My phone represents an entire to-do list for me–phone calls I need to make, emails I could respond to, tweets, instagrams and facebook updates I could do. It is also an endless source of entertainment, information and mind-numbing time-fillers.
When I have a few minutes of down time my mind immediately wanders to the portal of my phone. What can I do? What can I get into? What can I read? Too many times I pick it up and let myself get lost in it. If I do choose to ignore it’s siren’s call, I find my mind jumping to something else and forgetting that little rabbit trail it wanted to follow. Like if I just jump over that don’t-pick-up-the-phone hurdle, then my mind is fine.
Is this making sense?
Am I the only one who gets bogged down by this black hole of minimally fulfilling entertainment?

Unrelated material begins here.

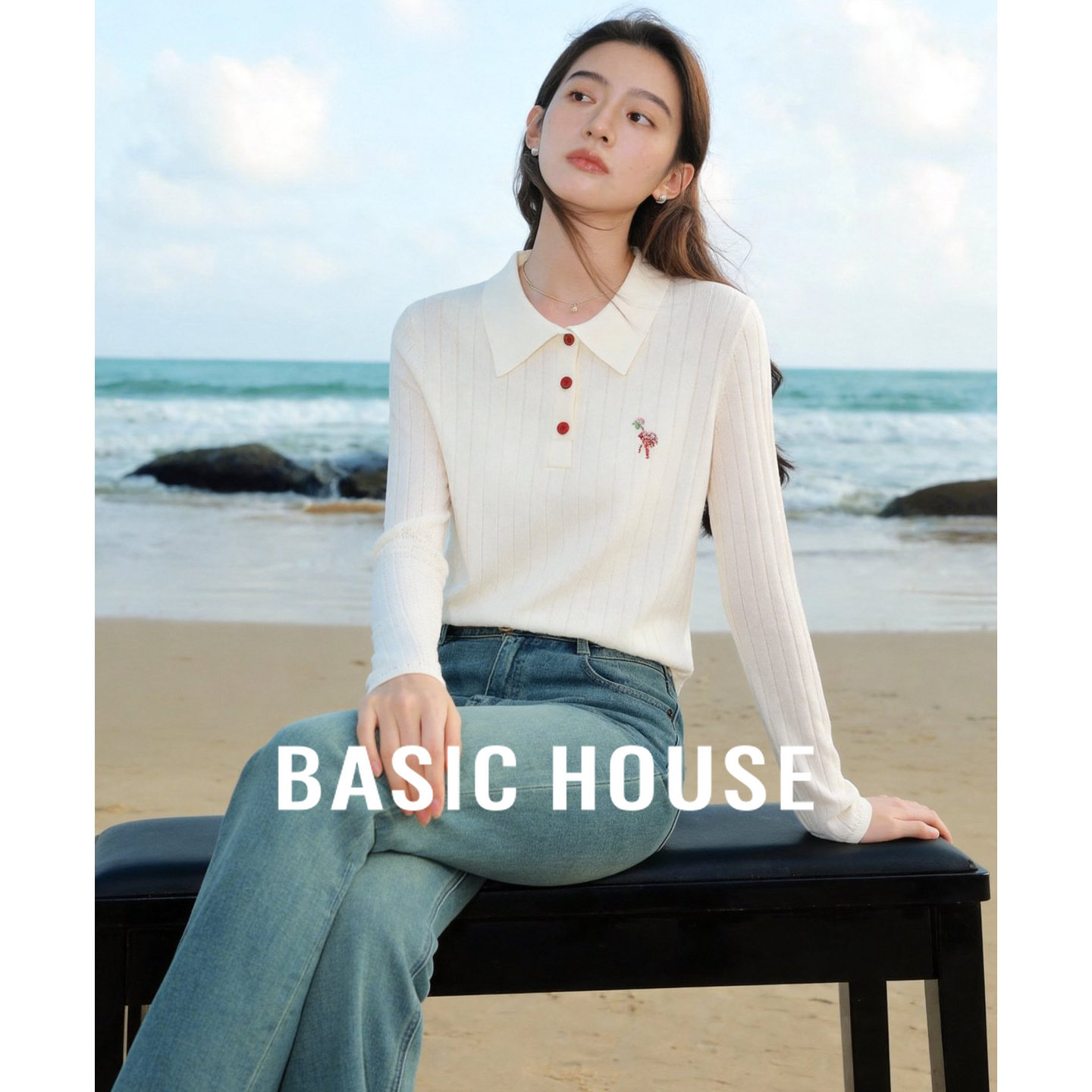 百家好坑条Polo领针织衫女春季新款修身显瘦减龄刺绣长袖打底上衣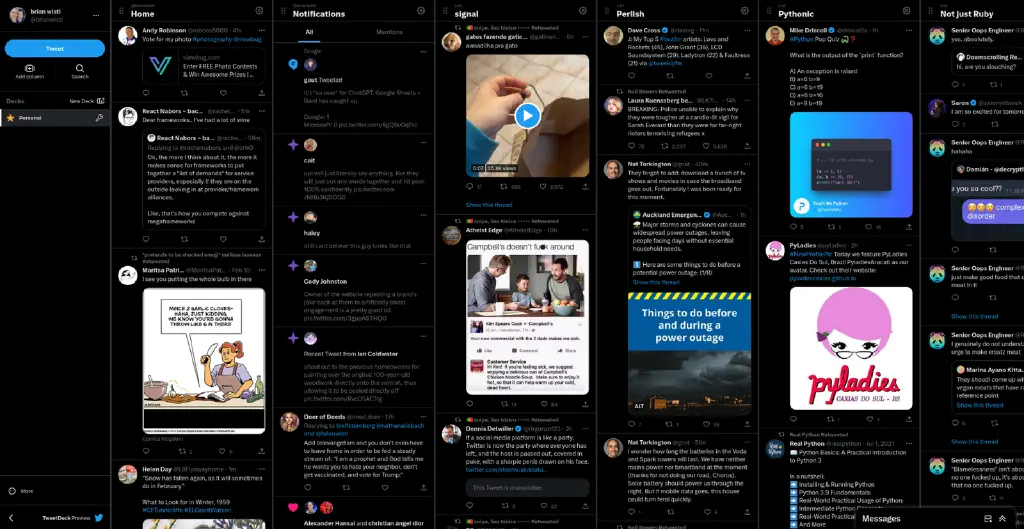 New TweetDeck, with avatars to the side of tweets in each column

Well, as I’ve been contemplating this quiet-ness I want in my life and had this unintentional fast from my phone the last five days, I’ve decided how to I’d like to go forward with my relationship with my iPhone. Here’s what I’ve got so far…
1. A weekly Sabbath.
I know I’ve mentioned this before, but I’m taking Sunday to use my phone only as a phone and not even crack my computer open. If I can have self-control one day a week, surely that should help my self-control the rest of the week, right?
2. A sleeve.
I got this idea from Heather at Beauty That Moves (and her entire iPhone post was another motivator for this whole thought process). Simply having my phone in a sleeve gives me one more step to accessing my phone. I can’t slip it in my back pocket so it’s at my fingertips. I just bought the case and haven’t seen if this actually works but so far it makes me happy looking at it.
3. No Push Notifications.
This has always been a constant for me. I don’t want my phone telling me every time someone double-taps one of my Instagram pics. Talk about instant gratification.
4. Minimal Apps
When I get my phone fixed (today or tomorrow), I’m going to do an app purge. I already refuse to have games on my phone because I don’t want the kids to play them. But I’m going to limit MY entertainment, too. I have everything from Fandango and IMDB to HootSuite and Facebook. But do I really need those on my phone? Can I live a few minutes without checking to see what other shows Jake Johnson has been in?
5. App Organization
Kat has a genius idea bout organizing apps (as usual, that smart mama). I might do something like that or simply move the apps that I tend to scan and scroll through mindlessly to the last screen so I don’t see them right away.
I also don’t allow screens at the table and don’t charge them in our bedroom. I want to be less tethered to my phone. I want my mind to stay focused on the here and now. I want to be all there. I don’t want my mind to lean on my phone first.
And I want to set the example for my kids, too. I can only imagine that technology is going to be more pervasive and more accessible as they get older. I want to use this time of growth in their lives to be independent of technology.